I'm extremely skeptical the Soviets taking the actual time to prepare benefits the Finns more then the Soviets, given that the Soviets can commit proportionally much more massive resources then the Finns could ever hope to acquire. As it was, the Finns did acquire all the stuff DrakonFin talked about and even more from captured Soviet stocks from those first disastrous months… yet when the Soviets stopped dicking around with non-existant preparation, ditched the overcomplicated maneuver schemes, and brought up the appropriately equipped and trained troops, they managed to brute force the Mannerheim line after almost two months of attritional skirmishing to wear the Finns down followed by a week of all-out assault.
A few months of extra time would increase the Finnish readiness for war pretty much automatically, the Finnish military leaders and politicians in the fall of 1939 being in agreement that immediate defence purchases would be necessary. Which they were: Turku, the city that became the premier trade port of Finland during Winter War IOTL, started the war with only three batteries of AA machine guns as the only active AA defence of the city, the shipyard and the port. The field artillery would use 1870s vintage artillery pieces. The Vickers 6-ton tanks the army had didn't have guns installed in their turrets. The first line fighter force of functional planes was made of thirty-three Fokker D.XXIs and ten Bristol Bulldogs. The list goes on. In these conditions every month of new acquisitions for the military will make significant improvements to the Finnish readiness for fighting a war for survival. IOTL, when the Finnish forces took new weapons and materiel in use during the war, they had to do this in conditions where the great majority of all trained personnel was engaged in wartime roles. If they could instead introduce this new equipment in peace-time conditions, albeit with increased readiness, this process would be easier and faster. Only a very small part of the weapons and equipment captured during the Winter War was used in that war, and most would only be used in the Continuation War: in the event, there was scarcely enough time and resources available to collect, fix, and field these captured goods during the short conflict.
Now, for the Soviets the question is not just time, but also the military and political leadership making the decision that Finland is a serious enemy, not a pushover.

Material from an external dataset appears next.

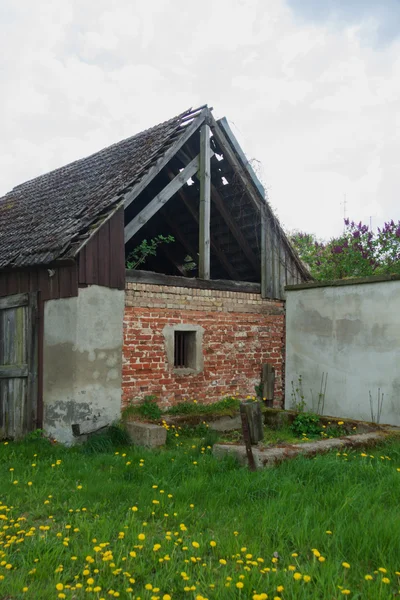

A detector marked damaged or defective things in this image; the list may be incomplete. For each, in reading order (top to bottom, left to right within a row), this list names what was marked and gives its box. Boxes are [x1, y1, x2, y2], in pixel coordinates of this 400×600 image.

damaged roof [0, 106, 202, 268]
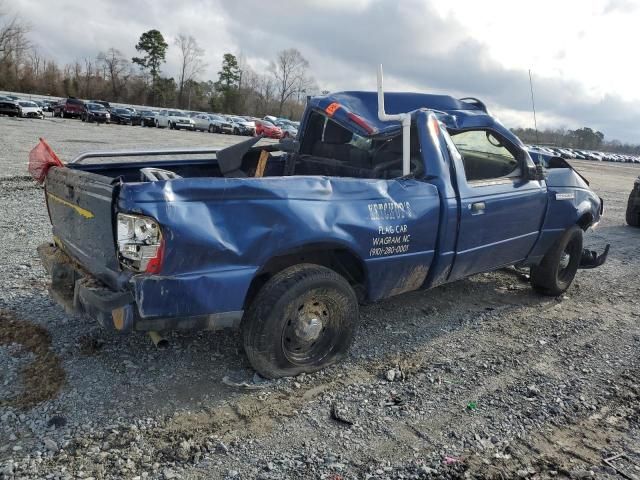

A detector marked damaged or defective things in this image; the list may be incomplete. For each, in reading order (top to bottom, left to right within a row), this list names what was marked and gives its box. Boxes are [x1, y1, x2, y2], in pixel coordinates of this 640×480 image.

Not only would Zhukov have to understand this, he would also have to convince Stalin to give him his support for using significantly more resources and troops for the Finnish campaign that he had originally slated for the invasion. If this happens, if the Soviet leadership understands that Finland is not a military nonentity that will cave in after the Red Army kicks in the door, then giving the Soviets some months more time will probably work in the attackers' favour - just because of the huge disparity between the resources Finland and the USSR can commit to the fight. But just time alone will not help the Soviets to the extent it would help the Finns: if there is no joint understanding in the Soviet leadership about Finland being a serious adversary (more than "White militia" stuck in 1918 patterns of thought, strategy and tactics, with pro-German officers lording it over a mass of recalcitrant conscripts who will revolt or abandon their posts soon after the war begins), then some months of additional time will not fix the basic problem behind the Red Army's failure IOTL. Which was underestimating the enemy.
I agree
What are the least difficult ties of the year to invade Finland by the way?

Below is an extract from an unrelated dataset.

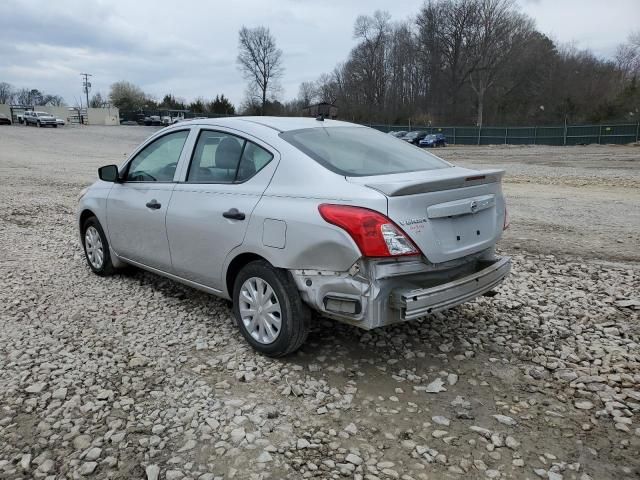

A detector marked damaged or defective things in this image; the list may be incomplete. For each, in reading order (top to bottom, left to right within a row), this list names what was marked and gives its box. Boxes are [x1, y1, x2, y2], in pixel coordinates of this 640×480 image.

damaged rear bumper [292, 253, 512, 328]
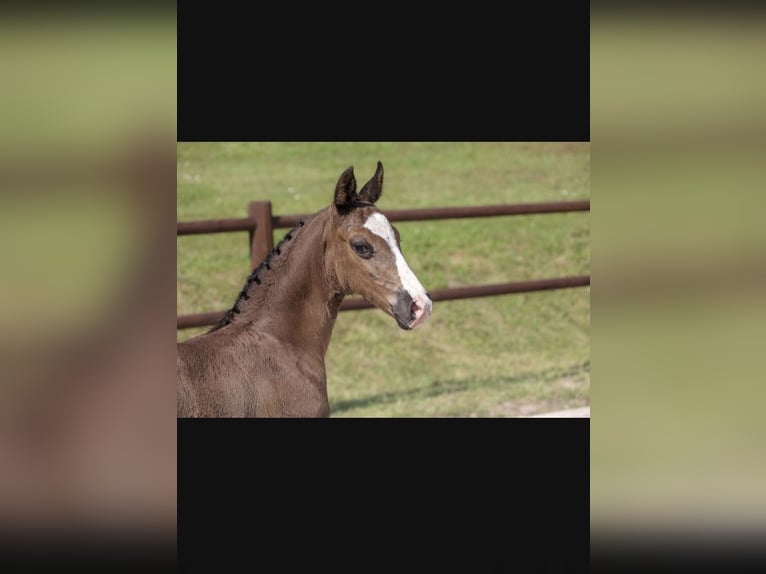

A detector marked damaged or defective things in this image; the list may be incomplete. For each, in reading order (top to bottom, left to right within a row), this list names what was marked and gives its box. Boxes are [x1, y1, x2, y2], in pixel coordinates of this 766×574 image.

rusty metal fence rail [177, 201, 592, 328]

From early June to mid-September. This avoids the problems of winter and rasputitsa, and allows the Soviet naval superiority to be used for the best advantage. Invading in the summer would bring some additional challenges for the Soviets, too. On the Karelian isthmus and north of the Ladoga the lakes and various swamps and marshes would be a bigger obstacle when they are not iced over. Generally, a Soviet invasion of Finland in the summer of 1940 would probably look like a mix between the OTL Winter War and the fighting of the summer of 1944. Both sides would in this scenario be stronger than in 1939 but weaker and not as effective as in 1944. Looking at these two OTL examples, I'd say that unless the Red Army here can somehow draw Finnish strength into secondary sub-fronts (like I mentioned above, for example with amphibious landings), then they will still have to use a lot of troops and put in a significant effort to smash through the Finnish defences on the isthmus and in southern Karelia. Assuming some real preparations by the Soviets to fight a real enemy in an actual war, this would probably take them from four to eight weeks, depending on various things on both sides. Eventually, the Finns would lose. The question is how long they can keep up a coherent front, and what political developments happen in the surrounding world: will they get outside help like IOTL (the Allied plans of intervention convincing Stalin to wrap up the war) or not? If not, Finland will fall and be occupied by the Red Army within two to three months from the beginning of the main Soviet attack.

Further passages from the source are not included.